Each record that follows should be repeated exactly, with no pictures carried over.

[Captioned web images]
-----

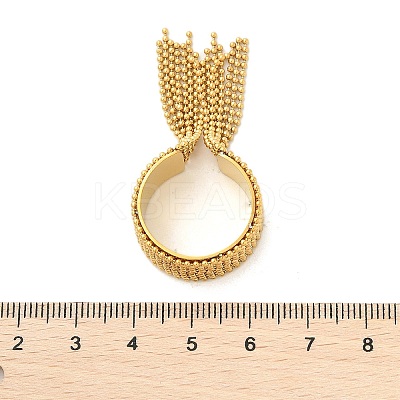 Round Ball Tassel 304 Stainless Steel Cuff Rings for Women RJEW-U039-03G-1
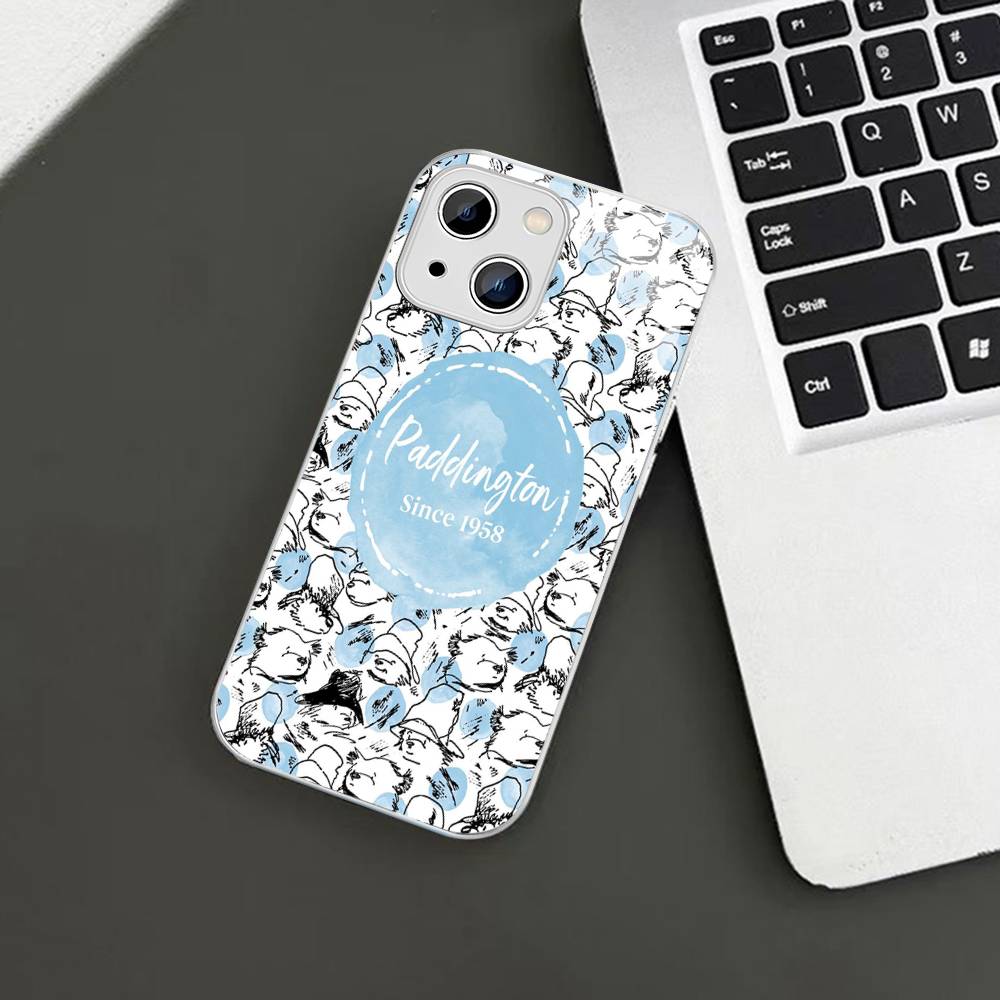 Cute P-Paddingtons Bear For IPhone 14 13 12 Mini 11 Pro XS Max X XR 14 Plus Tempered Glass Cover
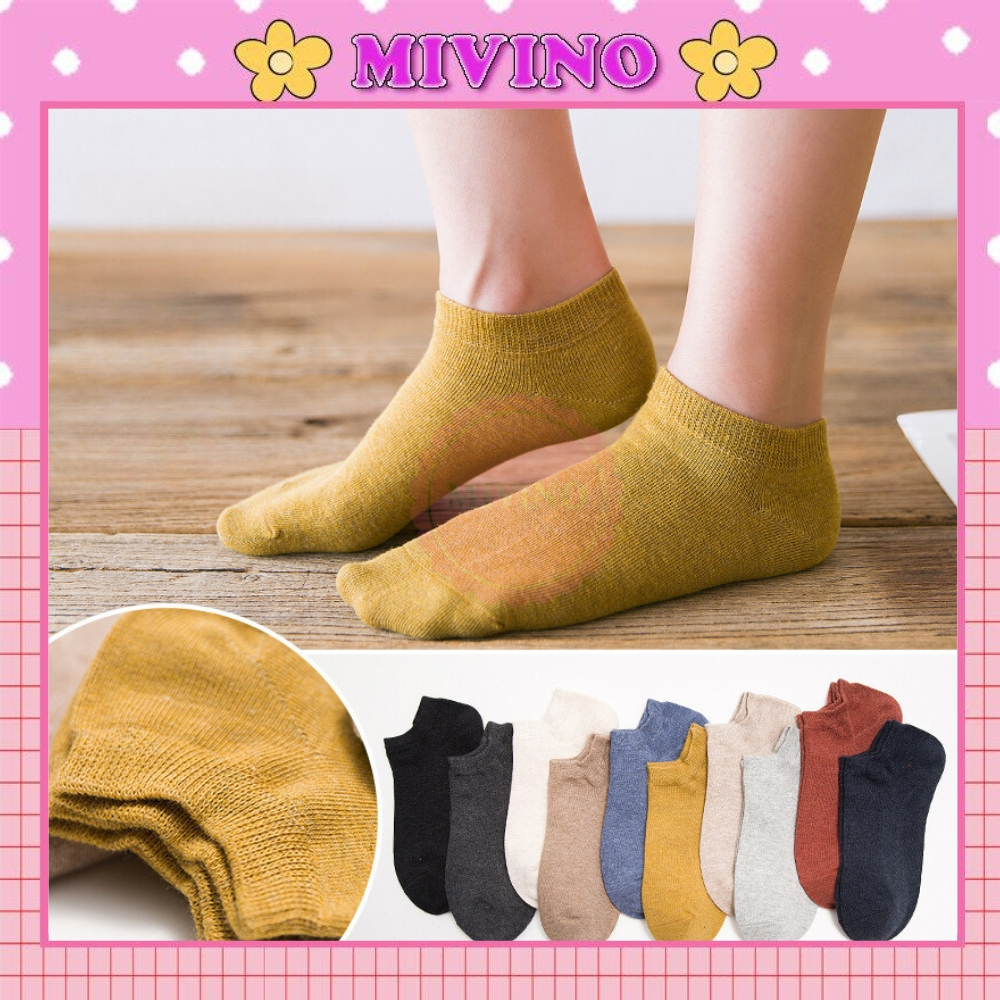 Tất trơn cao cấp thấp cổ ulzzang Mivino vớ cổ ngắn nhiều màu phong cách vintage TN158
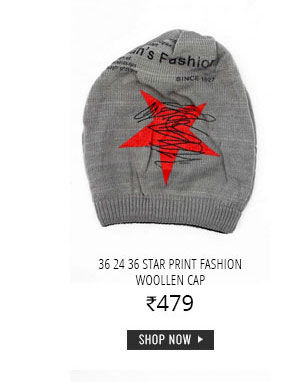 36 24 36 Star Print Fashion Woollen Cap.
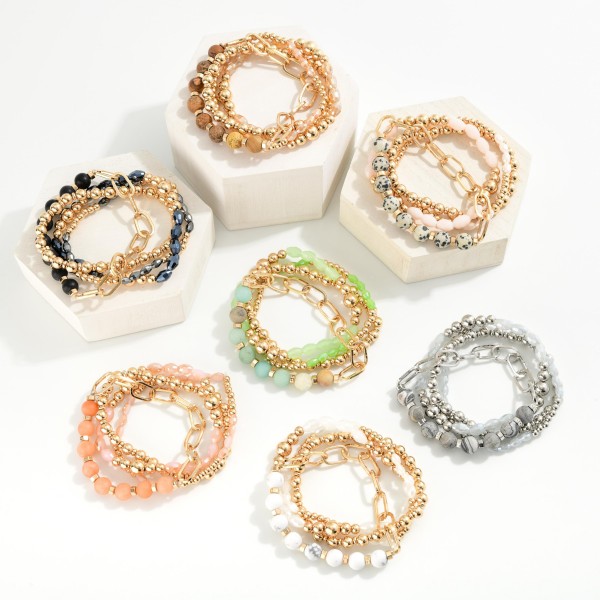 Set Of Four Beaded Stretch Bracelets Featuring Semi-Precious Stone, Faceted Beads, & Chain Link Accent 

- Approximately 2.5" D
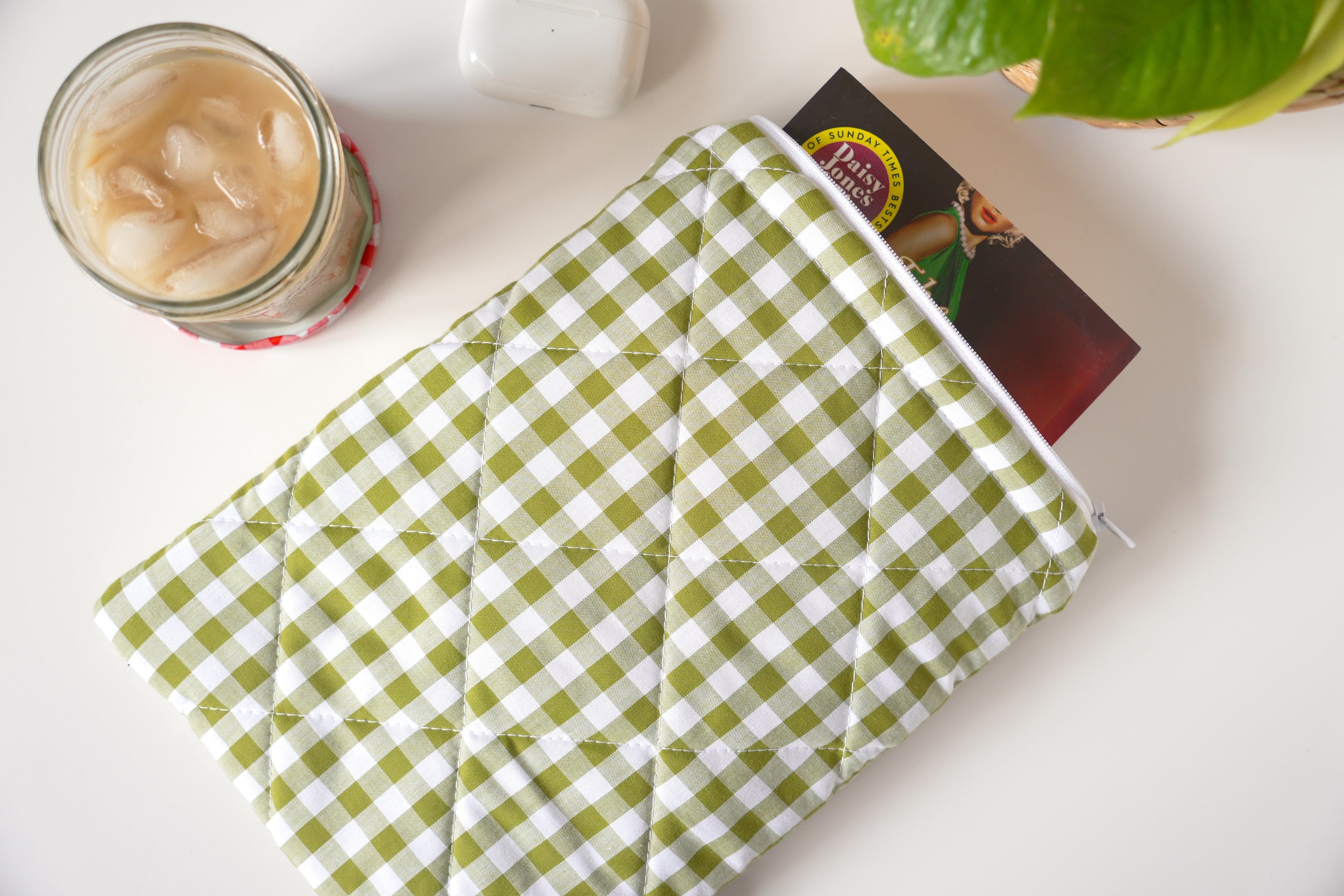 Quilted Olive green gingham book sleeve
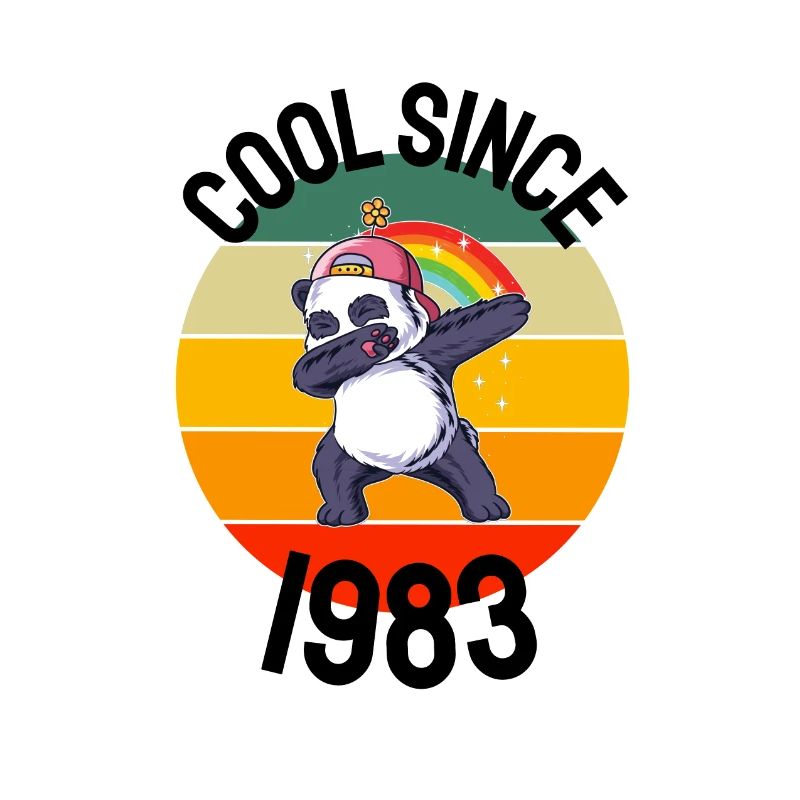Cool Seit 1983 Retro Dabbing Panda 39. Geburtstag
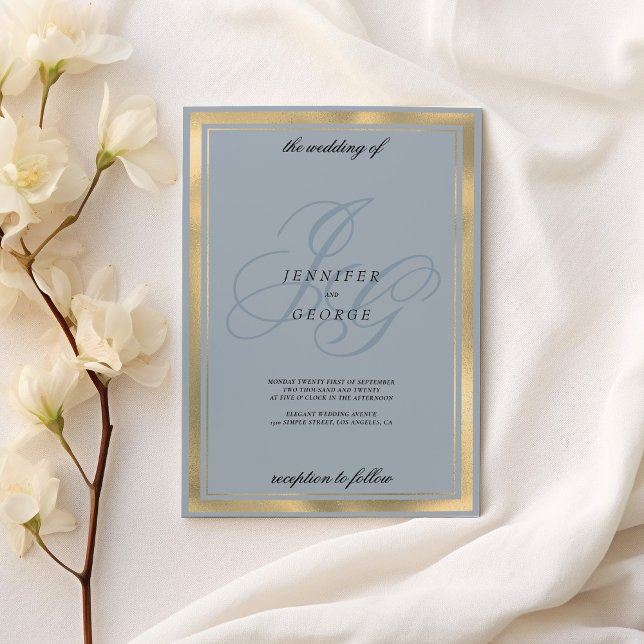 Aquamarine blue guld monogram initialer bröllop inbjudningar (Aquamarine blue gold monogram initials wedding )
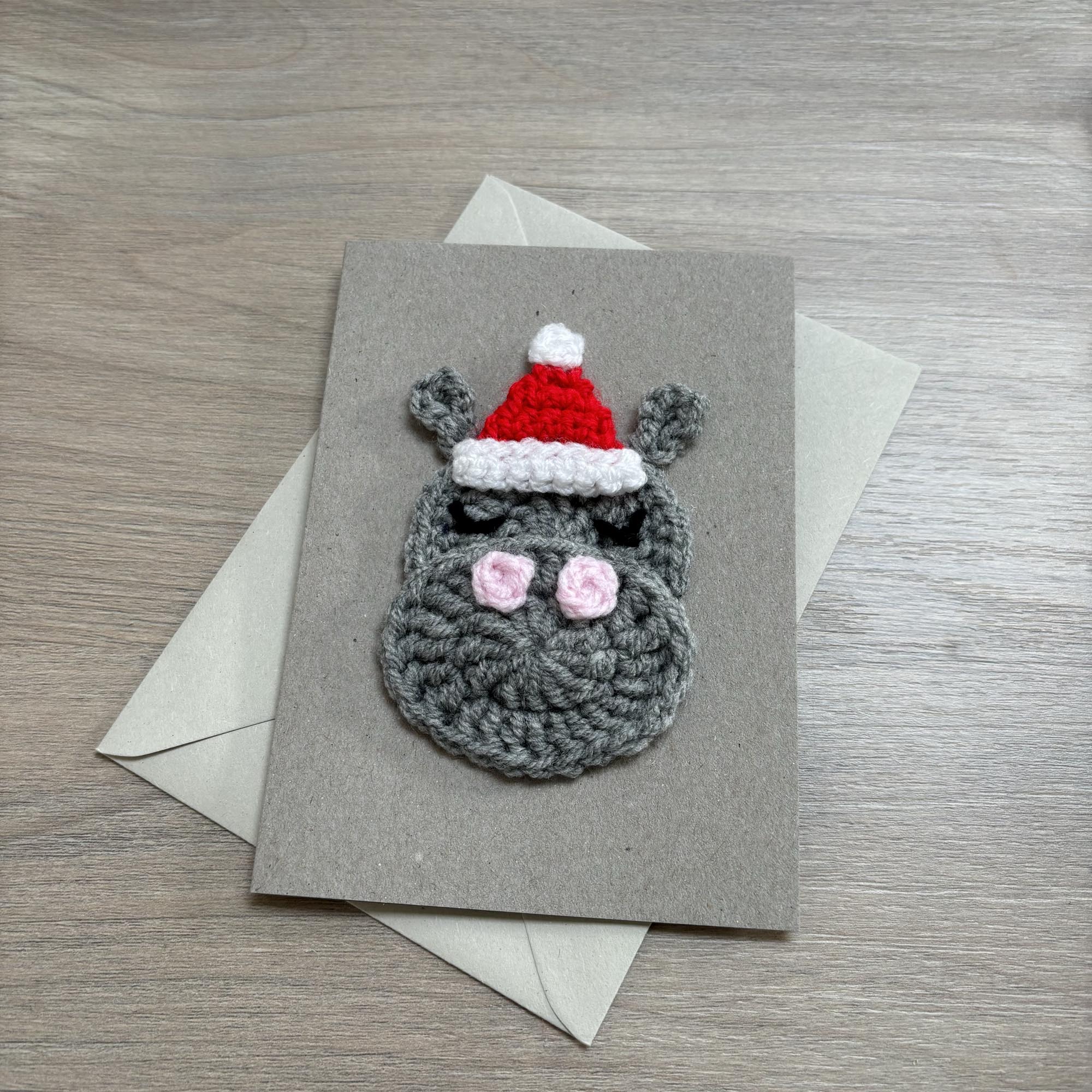 Crochet Christmas Hippo 100% Recycled Greetings Card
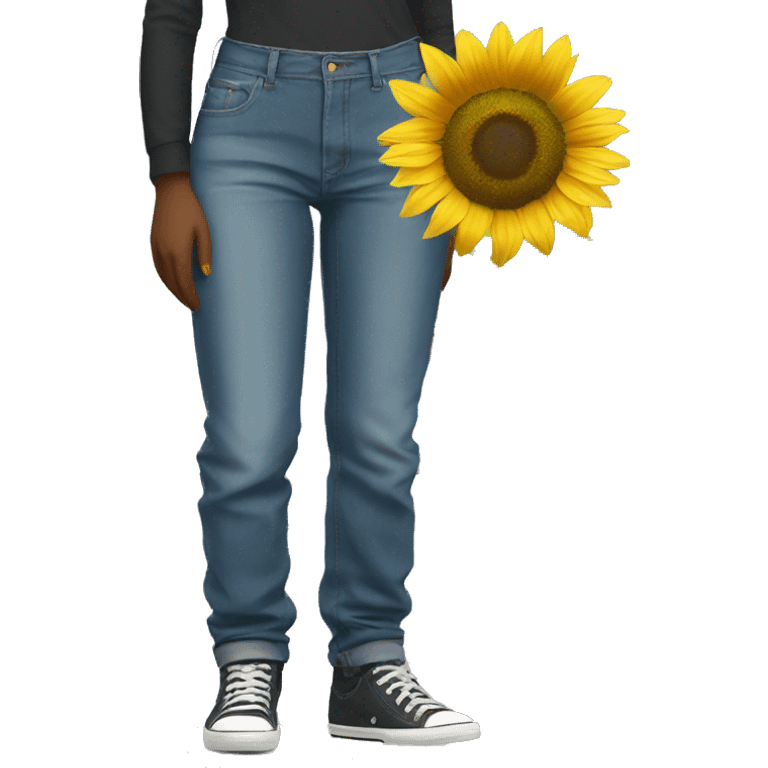 sunflower wearing baggy jeans emoji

-----

## [Answer to this exercise]
 Round Ball Tassel 304 Stainless Steel Cuff Rings for Women RJEW-U039-03G-1
 Cute P-Paddingtons Bear For IPhone 14 13 12 Mini 11 Pro XS Max X XR 14 Plus Tempered Glass Cover
 Tất trơn cao cấp thấp cổ ulzzang Mivino vớ cổ ngắn nhiều màu phong cách vintage TN158
 36 24 36 Star Print Fashion Woollen Cap.
 Set Of Four Beaded Stretch Bracelets Featuring Semi-Precious Stone, Faceted Beads, & Chain Link Accent 

- Approximately 2.5" D
 Quilted Olive green gingham book sleeve
Cool Seit 1983 Retro Dabbing Panda 39. Geburtstag
 Aquamarine blue guld monogram initialer bröllop inbjudningar (Aquamarine blue gold monogram initials wedding )
 Crochet Christmas Hippo 100% Recycled Greetings Card
 sunflower wearing baggy jeans emoji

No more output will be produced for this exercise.